Urbane Literatur wird auch als die Poesie der Vaganten bezeichnet. Es funktionierte Schüler Mönche wandern, die ohne das Gelübde der Abrechnung und Pfarrer verletzen. Sie schrieben ihre Gedichte auf Latein. Themen der Arbeiten war sehr breit: .. Satirische Spott Bestechung und Sittenlosigkeit des Klerus, singen fröhliche Unterhaltung, Liebe, Lob Gedichte zu bestellen, etc. Die Tradition fortgesetzt Vagant extrem talentierter Dichter Fransua Viyon, der im XV Jahrhundert lebte.
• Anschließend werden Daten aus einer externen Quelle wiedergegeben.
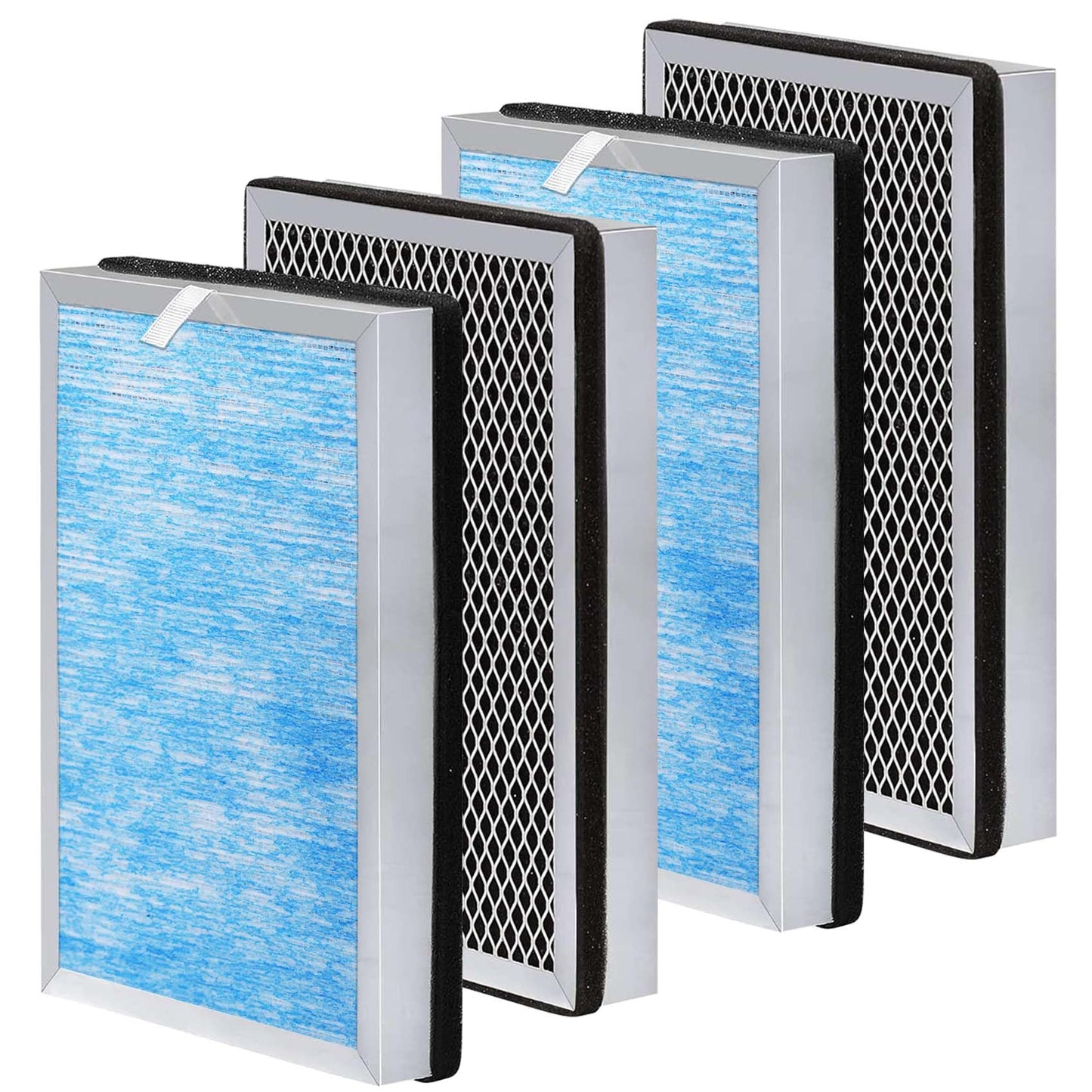 Upgraded 25 Replacement Filter Compatible with MA 25 S1/W1/B1 Air Purifier 4-in-1 Activated Carbon Air Filters Replacement (4 Pack Blue-Upgraded Version)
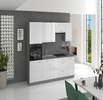 Front do zmywarki 45 cm z panelem sterującym z przodu ZM 570x446 BIAŁY POŁYSK, SZARY PLATYNOWY, Meble Kuchenne BIANCA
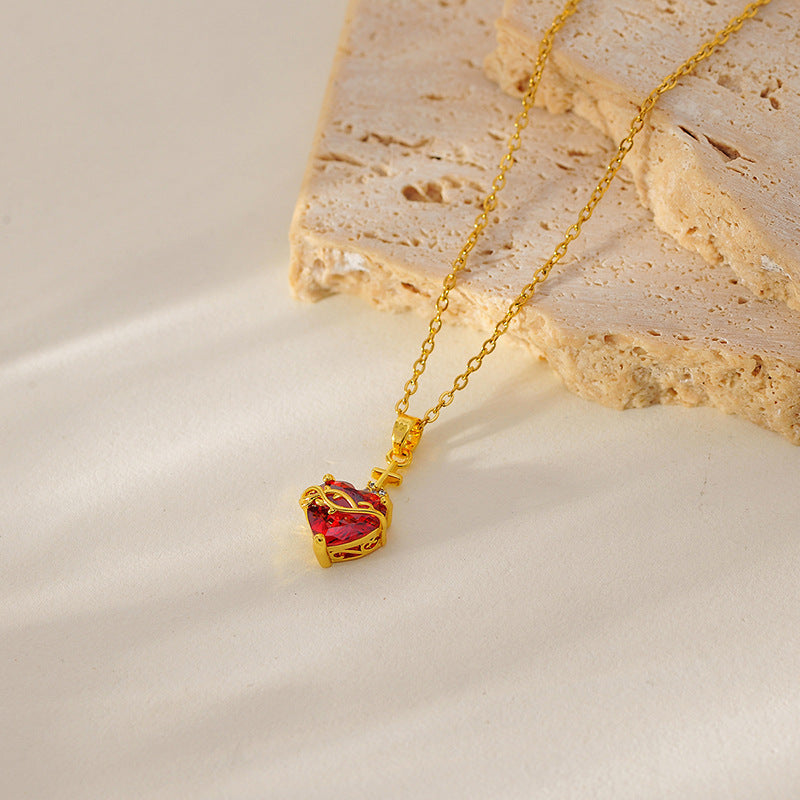 Gold Heart Necklace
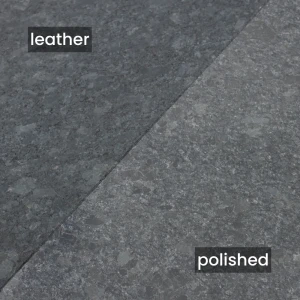 Płytka granitowa szczotkowana Steel Grey leather 61x30,5x1 cm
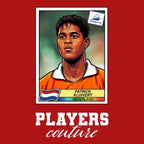Patrick Kluivert World Cup Sticker Kids Hoodie – patrick kluivert red Players Couture design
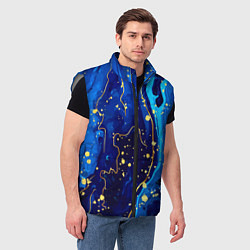 Мужской жилет СИНИЙ ГРАНИТ, цвет: 3D-светло-серый — фото 2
Manchmal ist es „das letzte Vagant“ genannt, obwohl er

nicht Latein schreiben und Französisch.

Die Dichtung von Villon ist widersprüchlich, sie spiegelt den Niedergang des Mittelalters und den Beginn der Renaissance wider.

Der lyrische Held seiner Werke sucht sich selbst zu verstehen – und kann nicht, sucht Wege – und findet sie nicht.

Ich sterbe vor Durst über dem Bach.
Ich lache durch Tränen und arbeite hart.
Wohin ich auch gehe, mein Zuhause ist überall.
Ein Fremder für mich ist mein Heimatland…

Der Geist der Neuheit durchdringt die Arbeit eines anderen hervorragenden Schöpfers – des englischen Schriftstellers Jeffrey Chaucer. Er besitzt die „Canterbury Tales“, in denen das Leben des damaligen England tief und wahrheitsgetreu rekonstruiert wurde.

Die Stadtbewohner liebten verschiedene Theateraufführungen: grandiose Geheimnisse, die mehrere Tage andauerten; lehrreiche Wunder und Moral, die zuerst als Zusatz zu Gottesdiensten entstanden sind; lustige Farcen mit Verkleidungen, Kämpfen, Streitereien.

Eine große Rolle bei der Entwicklung der Theaterkunst spielten wandernde Schauspieler – die Jongleure. Es waren meist arme, obdachlose Menschen, die zu Fuß oder auf Karren durch die Straßen des mittelalterlichen Europas streiften. Sie kombinierten das Handwerk des Sängermusikers und Schauspielers. Die Jongleure traten an der Kreuzung von großen Straßen, in Städten und Dörfern auf und waren unveränderliche Teilnehmer an Messen, Volksfesten und religiösen Festen.

XIII Jahrhundert. Die Lehren eines mittelalterlichen Troubadourjongleurs

Man muss auf verschiedenen Instrumenten spielen, die Kugeln auf zwei Messern drehen, von einer Klinge zur anderen schwingen: Puppen zeigen; springe durch vier Reifen; kauf dir einen rothaarigen Bart und einen Anzug, um… die Narren zu erschrecken; lehre den Hund, auf seinen Hinterbeinen zu stehen; kenne die Kunst des Affenführers; Lachen im Publikum durch witzigen Spott menschlicher Laster zu verursachen; Laufen Sie und springen Sie auf das Seil, das sich von einem Turm zum anderen erstreckt.

Die schöpferischen Leistungen des genialen Dichters und Denkers Dante Alighieri krönen die kulturellen Errungenschaften des Mittelalters. Der weltberühmte Florentiner gilt als Schöpfer der italienischen Schriftsprache. Ruhm und Unsterblichkeit brachten Dante ein philosophisches Gedicht „Göttliche Komödie“, wo der Autor versucht, eine Person als Teil des Universums zu begreifen.